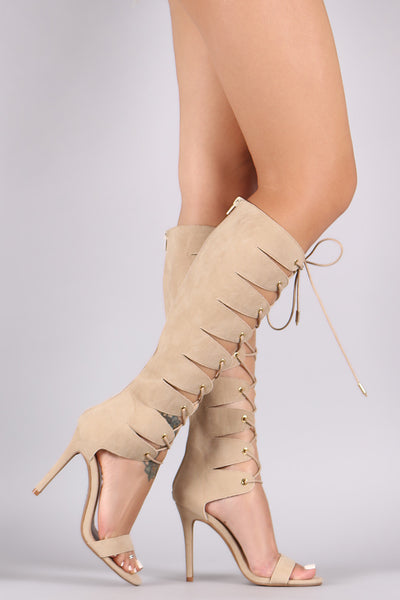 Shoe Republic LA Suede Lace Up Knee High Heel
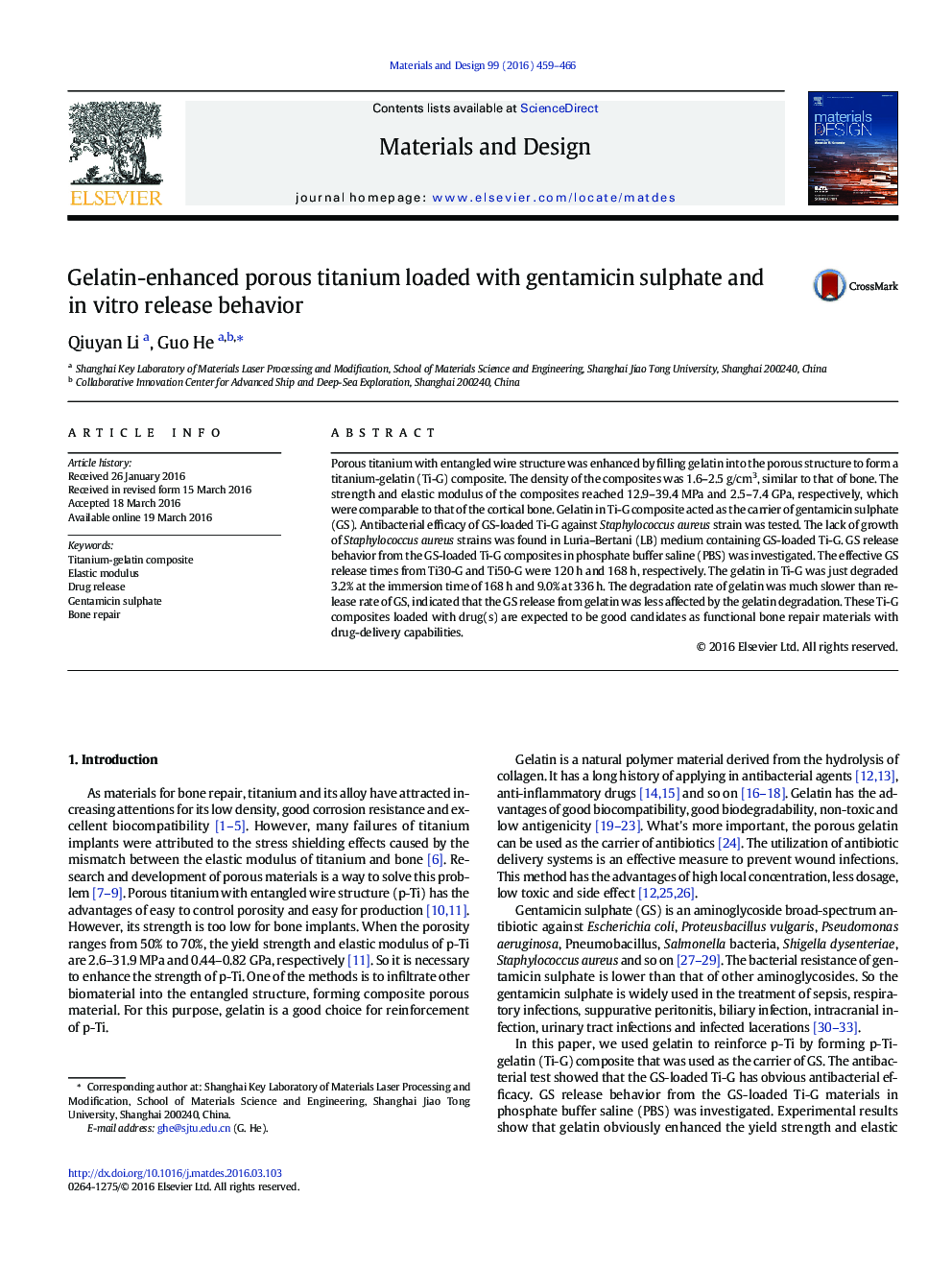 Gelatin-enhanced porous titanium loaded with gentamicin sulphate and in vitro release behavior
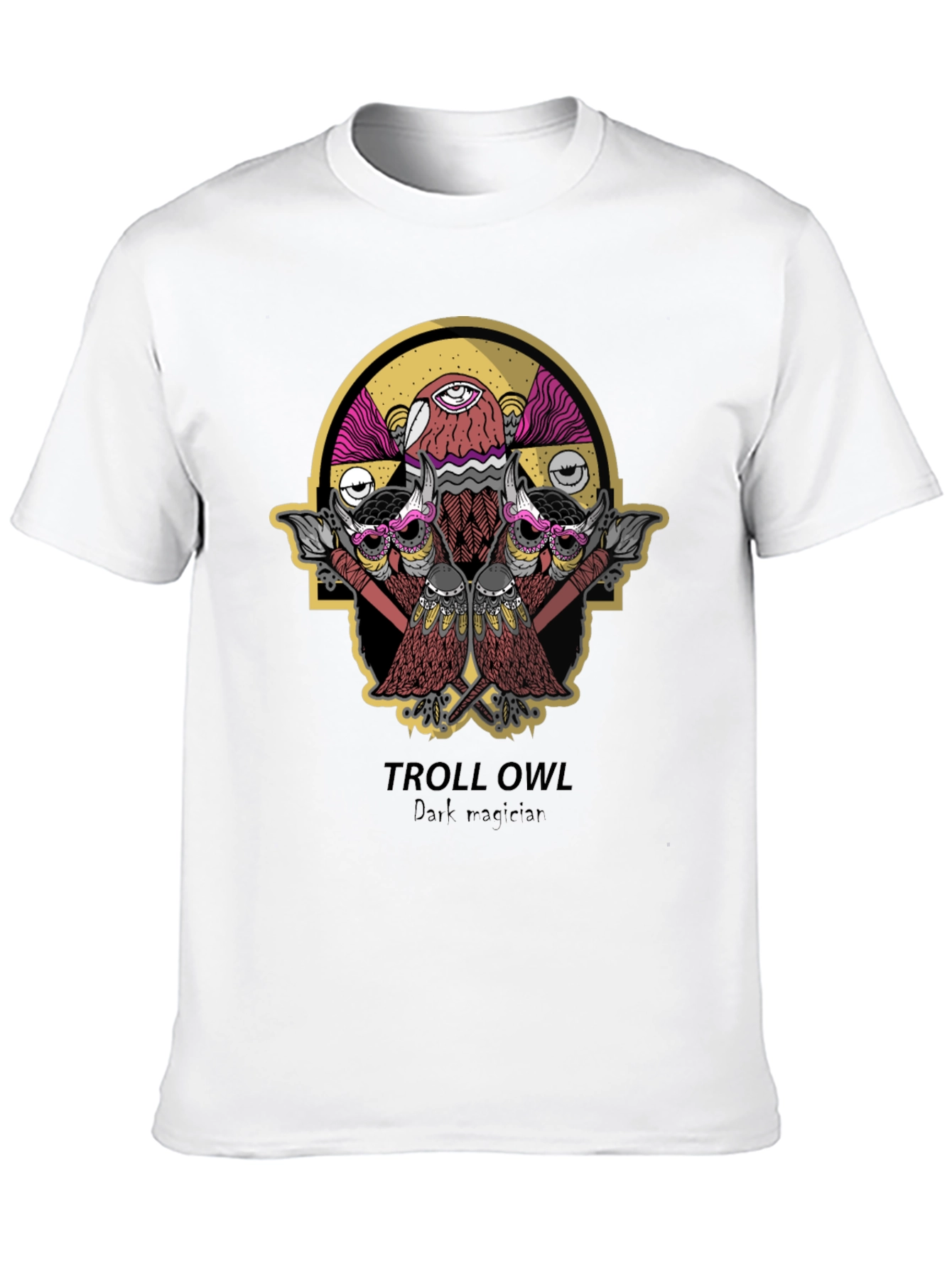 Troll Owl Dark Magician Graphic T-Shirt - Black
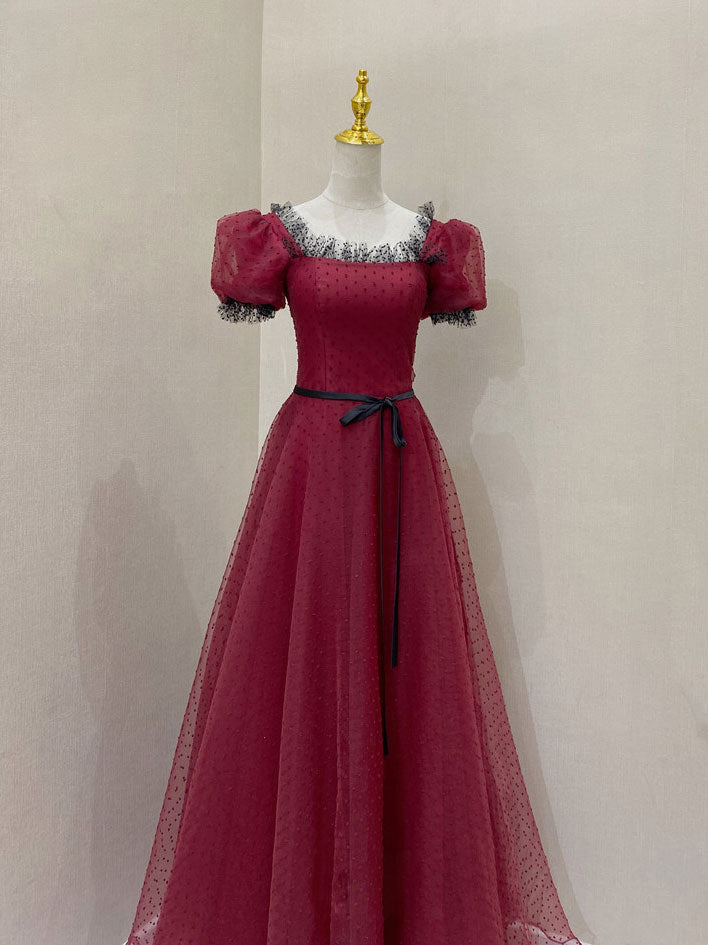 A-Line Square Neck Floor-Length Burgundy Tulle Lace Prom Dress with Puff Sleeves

_TO DO_
Give back the material exactly as written, images excluded.

_WRITTEN REPLY_
 Shoe Republic LA Suede Lace Up Knee High Heel
 Gelatin-enhanced porous titanium loaded with gentamicin sulphate and in vitro release behavior
 Troll Owl Dark Magician Graphic T-Shirt - Black
 A-Line Square Neck Floor-Length Burgundy Tulle Lace Prom Dress with Puff Sleeves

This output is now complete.